▸ **TASK ITEM**
Return every record verbatim, omitting all pictures.
Top of DATA IN THIS EXERCISE
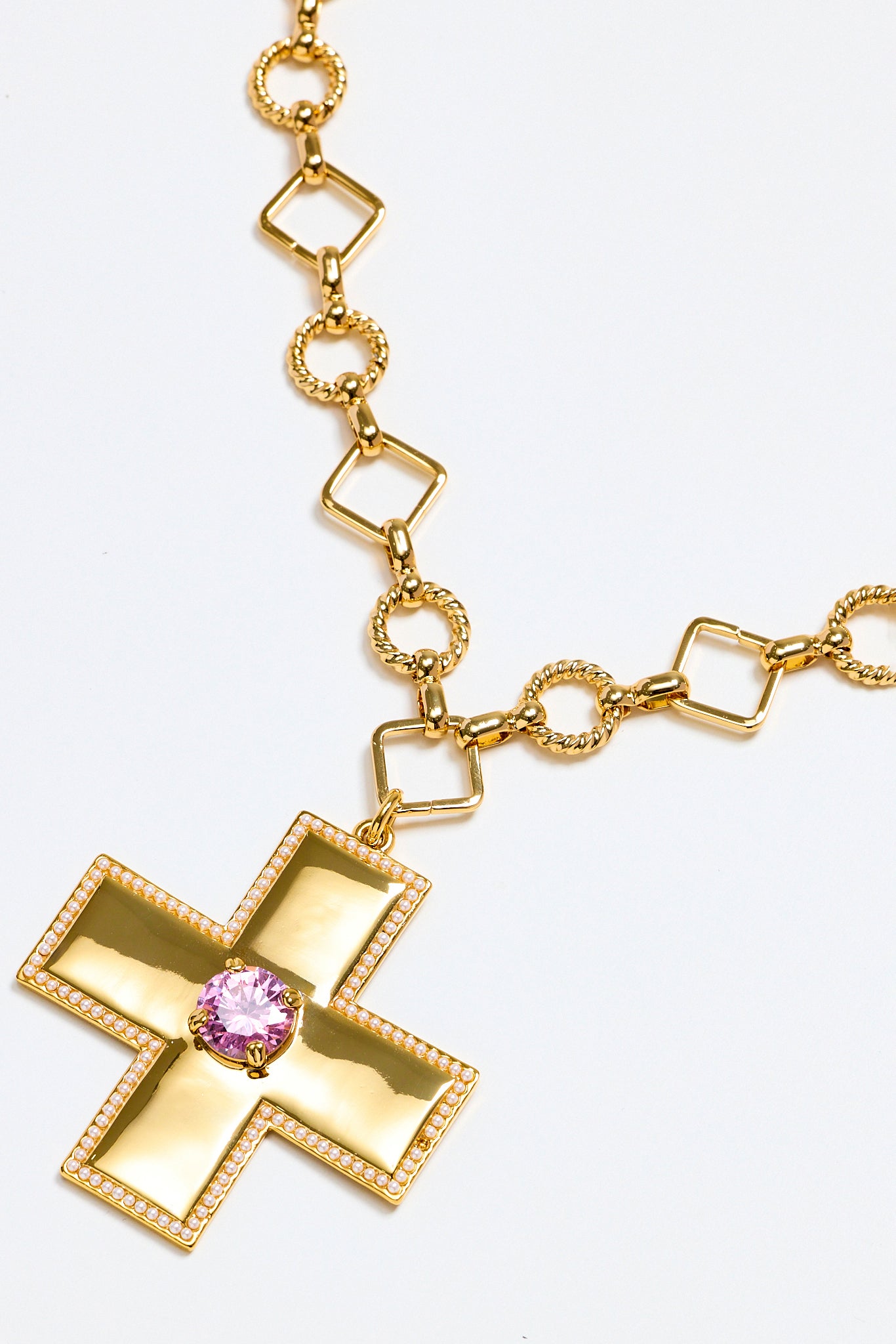 Lara & Ela | Victoria Blossom Pink Gold Necklace - Lara & Ela
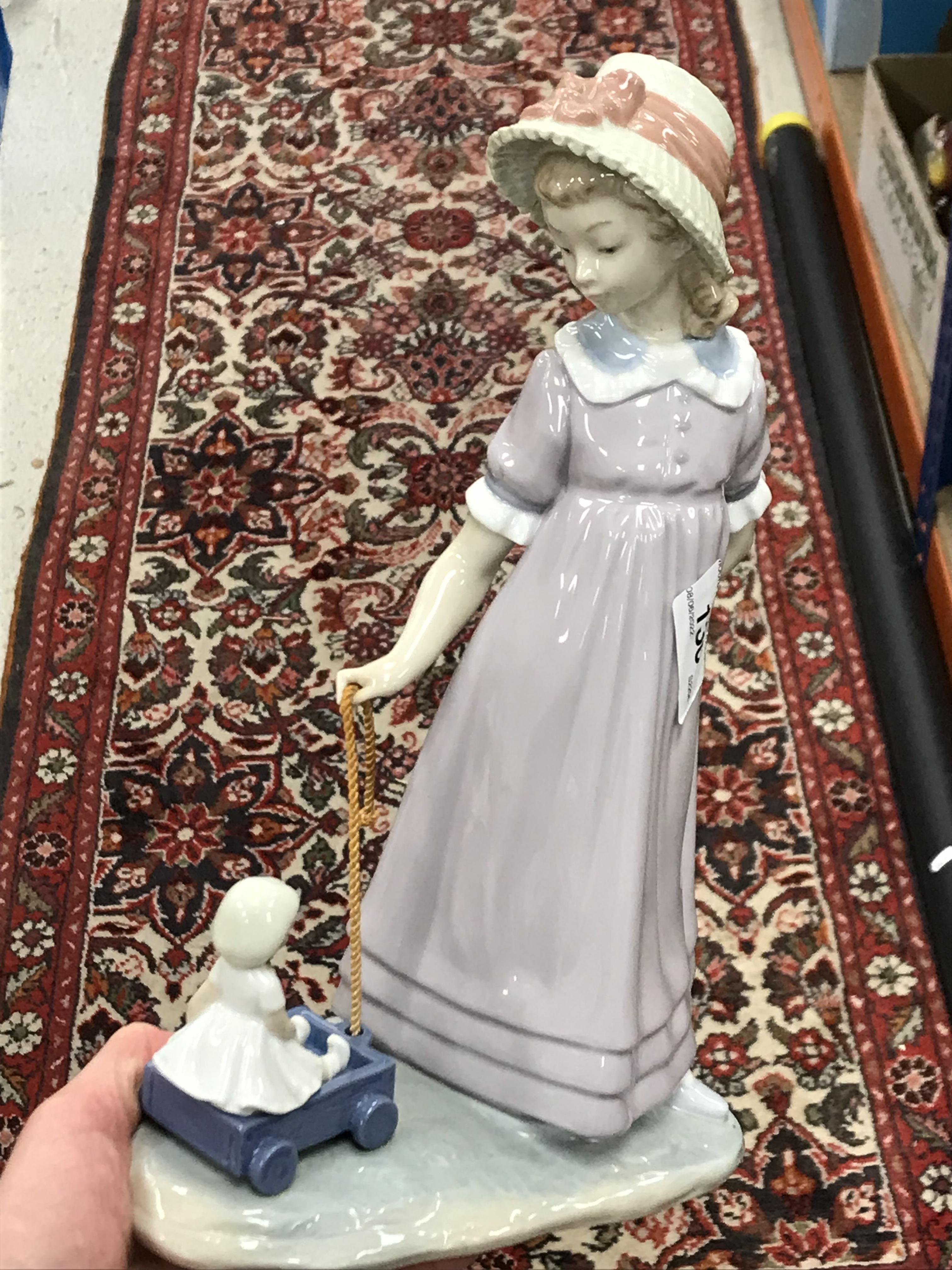 A Lladro figure of The Lamplighter (5205) 47 cm high, - Image 31 of 38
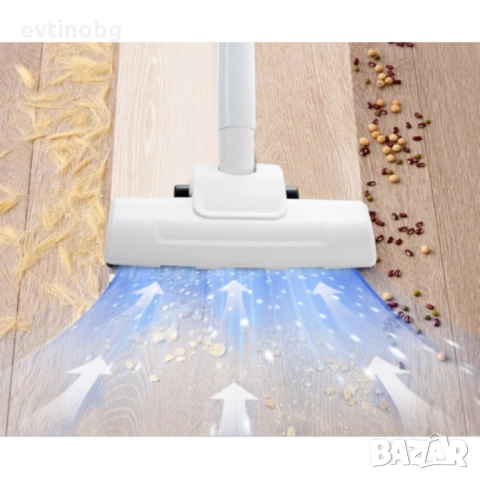 Акумулаторна домакинска ръчна прахосмукачка с 5 накрайника, снимка 4 - Мопове, кофи, четки и метли - 53770443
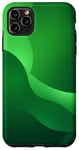 Coque pour iPhone 11 Pro Max Art minimaliste abstrait en vert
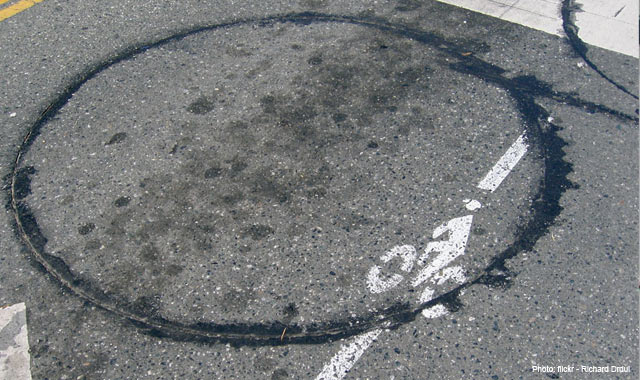 Bicycle Detector Pavement MarkingPhoto: flickr - Richard Drdul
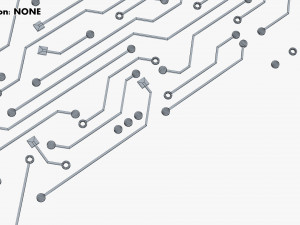 Electronic Circuit Board Pattern M 1 3D Модель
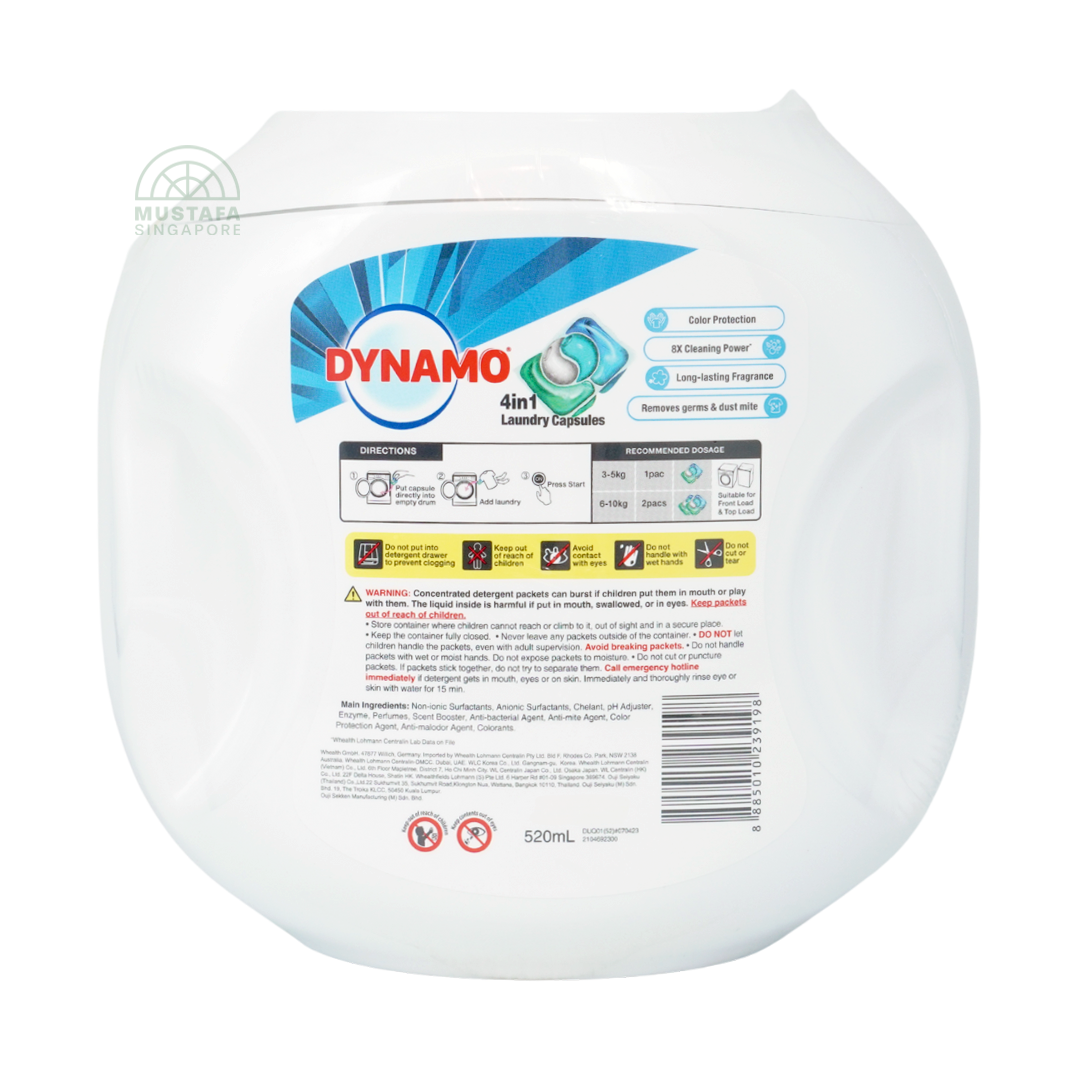 DYNAMO 4 in 1 Laundry Capsules Fresh 10ml 52pcs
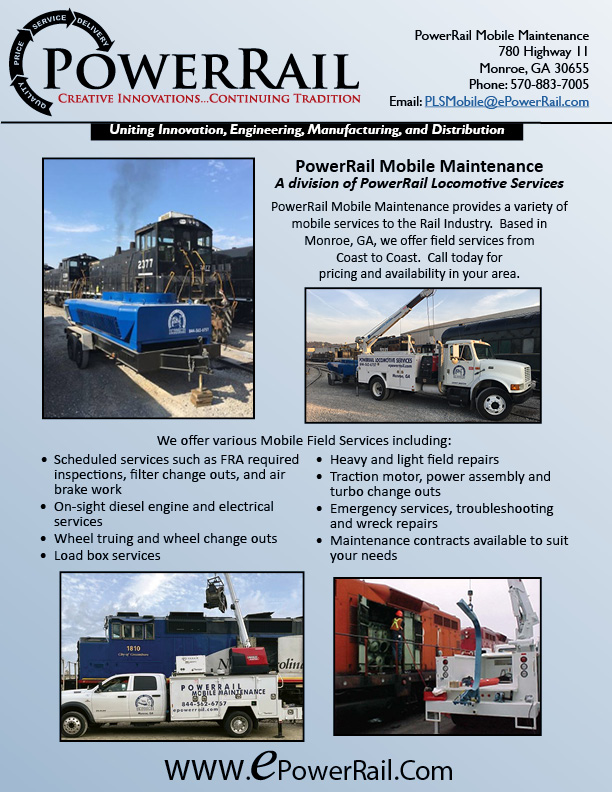 PowerRail Mobile Maintenance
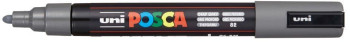 POSCA PC-5M Medium Bullet Tip Marker Pen - Deep Grey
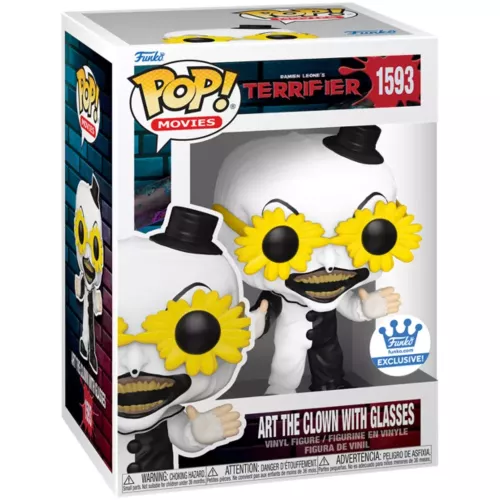 Funko Pop! Art the Clown with Glasses #1593 Damien Leone's Terrifier Box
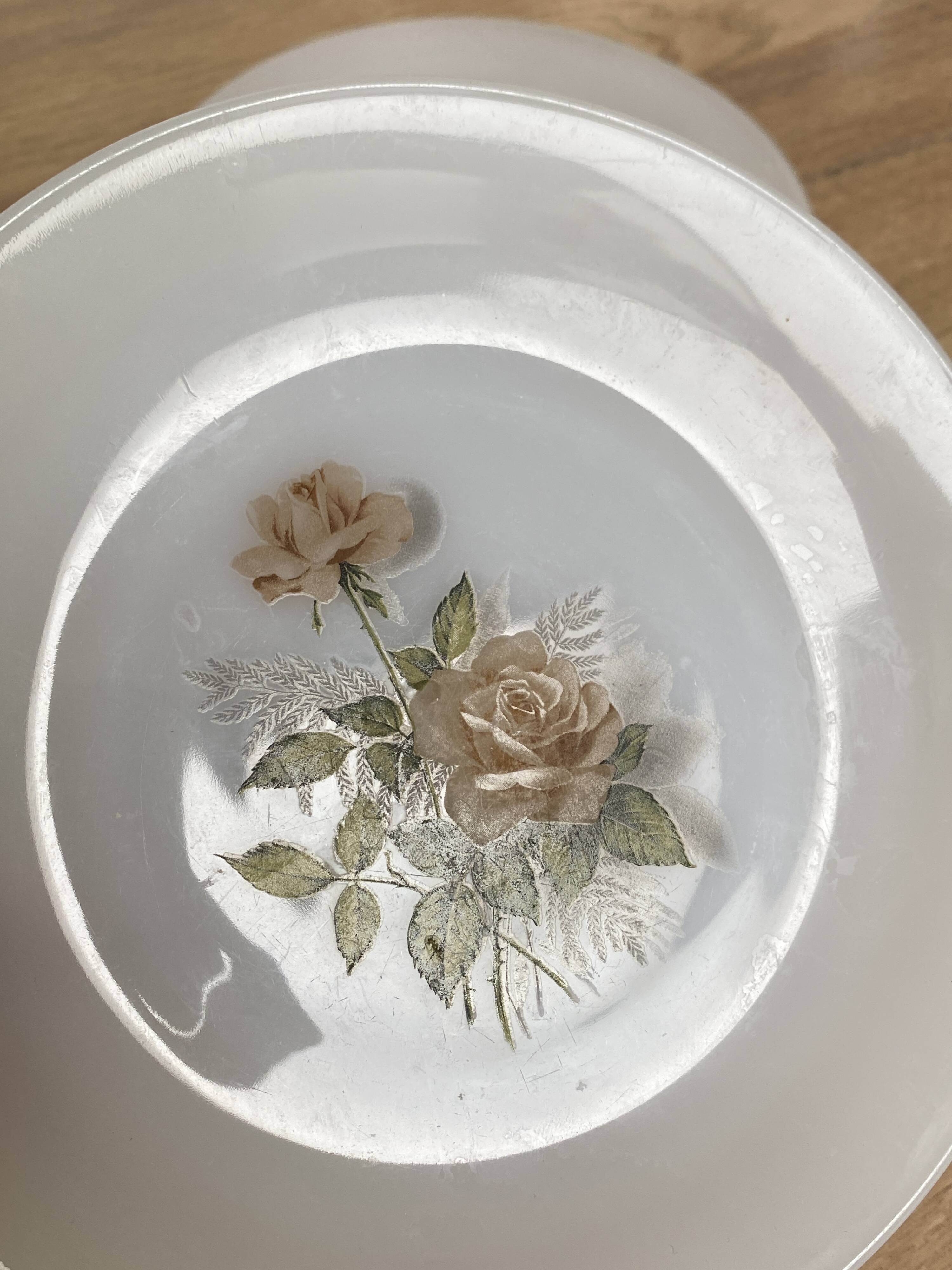 Set of 6 Arcopal Rose de France dessert plates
Bottom of DATA IN THIS EXERCISE
▸ **WRITTEN ANSWER**
 Lara & Ela | Victoria Blossom Pink Gold Necklace - Lara & Ela
 A Lladro figure of The Lamplighter (5205) 47 cm high, - Image 31 of 38
 Акумулаторна домакинска ръчна прахосмукачка с 5 накрайника, снимка 4 - Мопове, кофи, четки и метли - 53770443
 Coque pour iPhone 11 Pro Max Art minimaliste abstrait en vert
 Bicycle Detector Pavement MarkingPhoto: flickr - Richard Drdul
 Electronic Circuit Board Pattern M 1 3D Модель
 DYNAMO 4 in 1 Laundry Capsules Fresh 10ml 52pcs
 PowerRail Mobile Maintenance
 POSCA PC-5M Medium Bullet Tip Marker Pen - Deep Grey
 Funko Pop! Art the Clown with Glasses #1593 Damien Leone's Terrifier Box
 Set of 6 Arcopal Rose de France dessert plates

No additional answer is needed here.